■ Provided data
--
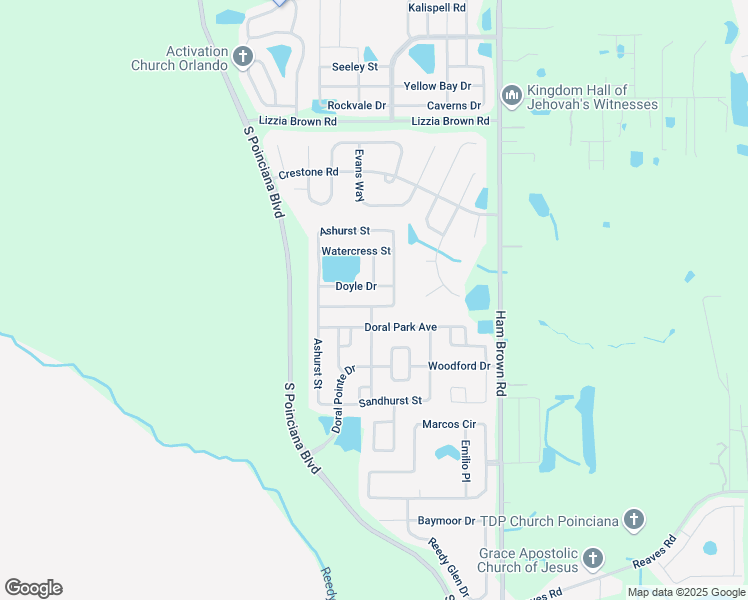 map of restaurants, bars, coffee shops, grocery stores, and more near 4861 Ashurst Street in Kissimmee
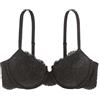 Dorina Reggiseno Donna Lianne Demi - Leggermente Imbottito, Pizzo Floreale con Bordo Festonato, con Ferretto, Coppe Preformate e Fasce in Morbido Tessuto Micro, Nero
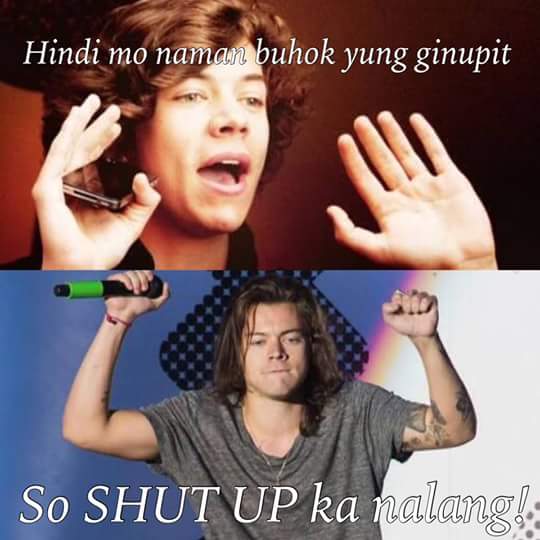 fvcklarryfeels's tweet photo. tangina hahahahahaha #SoShutUpNaLangSeries  #RIPHarrysHair https://t.co/IeP3JqEhtj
--
■ What the task asks
Give the listing again word for word. Skip every image.

■ Exercise solution
 map of restaurants, bars, coffee shops, grocery stores, and more near 4861 Ashurst Street in Kissimmee
 Dorina Reggiseno Donna Lianne Demi - Leggermente Imbottito, Pizzo Floreale con Bordo Festonato, con Ferretto, Coppe Preformate e Fasce in Morbido Tessuto Micro, Nero
 fvcklarryfeels's tweet photo. tangina hahahahahaha #SoShutUpNaLangSeries  #RIPHarrysHair https://t.co/IeP3JqEhtj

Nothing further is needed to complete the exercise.